I have to admit that I’ve never been too big of a fan of Woody Allen. That’s not to say that he’s not one of the more talented writer/directors working, because he most certainly is. However, despite a few of his better films, they all seem to fall in the same category for me. Yes, “Annie Hall” is a masterpiece and it was certainly worth of winning Best Picture (beating out “Star Wars”) and “Manhattan” was one I enjoyed as well, mainly for the wide black and white scope image as well as Gershwin’s memorable score. “Crimes and Misdemeanors” and “Hannah and Her Sisters” are a few others that deserve to be placed in Allen’s pantheon, however I’ve not seen them. “Match Point” isn’t your typical Woody Allen movie, for one he doesn’t play a part in it and secondly it’s set in England – a far cry away from the streets of New York where Allen is at home. While the plot for “Match Point” will seem vaguely familiar, it’s Allen’s take on it that makes it interesting and certainly watch able.

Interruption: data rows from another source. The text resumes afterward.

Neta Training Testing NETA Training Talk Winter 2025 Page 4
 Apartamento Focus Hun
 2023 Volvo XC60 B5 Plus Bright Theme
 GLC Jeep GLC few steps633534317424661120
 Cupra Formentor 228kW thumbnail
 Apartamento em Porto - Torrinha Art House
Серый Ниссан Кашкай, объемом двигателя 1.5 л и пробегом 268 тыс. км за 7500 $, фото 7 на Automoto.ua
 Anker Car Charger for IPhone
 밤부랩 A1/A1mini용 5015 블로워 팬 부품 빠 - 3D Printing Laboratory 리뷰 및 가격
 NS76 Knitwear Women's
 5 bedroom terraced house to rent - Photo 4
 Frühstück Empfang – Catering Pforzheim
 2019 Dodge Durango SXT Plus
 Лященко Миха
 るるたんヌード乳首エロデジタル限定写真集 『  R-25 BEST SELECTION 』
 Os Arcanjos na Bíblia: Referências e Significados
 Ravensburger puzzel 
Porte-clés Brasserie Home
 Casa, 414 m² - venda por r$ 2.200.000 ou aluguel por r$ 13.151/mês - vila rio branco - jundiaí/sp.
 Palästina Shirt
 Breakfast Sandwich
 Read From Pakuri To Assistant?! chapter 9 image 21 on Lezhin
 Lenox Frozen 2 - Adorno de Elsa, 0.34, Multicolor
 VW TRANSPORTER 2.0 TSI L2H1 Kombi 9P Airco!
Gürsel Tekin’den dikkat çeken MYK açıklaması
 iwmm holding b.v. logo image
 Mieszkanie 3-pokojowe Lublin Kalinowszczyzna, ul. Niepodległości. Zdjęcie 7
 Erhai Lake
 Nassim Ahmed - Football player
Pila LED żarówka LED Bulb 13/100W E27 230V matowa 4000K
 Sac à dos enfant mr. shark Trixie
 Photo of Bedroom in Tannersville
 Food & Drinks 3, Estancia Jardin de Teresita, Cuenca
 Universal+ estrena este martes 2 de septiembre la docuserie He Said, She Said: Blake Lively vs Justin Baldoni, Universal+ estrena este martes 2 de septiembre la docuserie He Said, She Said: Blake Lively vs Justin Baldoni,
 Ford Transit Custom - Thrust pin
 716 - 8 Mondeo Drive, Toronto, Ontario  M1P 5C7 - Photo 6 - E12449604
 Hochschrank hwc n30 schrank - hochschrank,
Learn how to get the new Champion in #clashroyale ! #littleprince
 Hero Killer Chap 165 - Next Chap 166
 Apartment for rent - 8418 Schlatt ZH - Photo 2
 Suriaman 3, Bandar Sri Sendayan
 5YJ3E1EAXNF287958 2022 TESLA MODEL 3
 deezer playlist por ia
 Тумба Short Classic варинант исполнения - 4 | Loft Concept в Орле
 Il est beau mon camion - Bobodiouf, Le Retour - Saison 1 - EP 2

Chris (Jonathan Rhys Meyers) is a former professional tennis player who has the ability, but not the desire, to be one of the greats. He’s left the circuit and takes a job at an exclusive country club as a tennis professional. He quickly hits it off with Tom (Matthew Goode) who shares his affinity for opera. Tom introduces him to his family and Chris takes a liking to Chloe (Emily Mortimer), who he starts to date. However Chris lusts after Nola (Scarlett Johansson), an aspiring actress from the United States. And to further complicate matters Nola is Tom’s fiancée. As one might imagine, things can get very complicated when a lot of lying and cheating are going on and, well, things do. I don’t want to divulge too much of the plot but let’s just say that Allen throws a few wrenches in the works.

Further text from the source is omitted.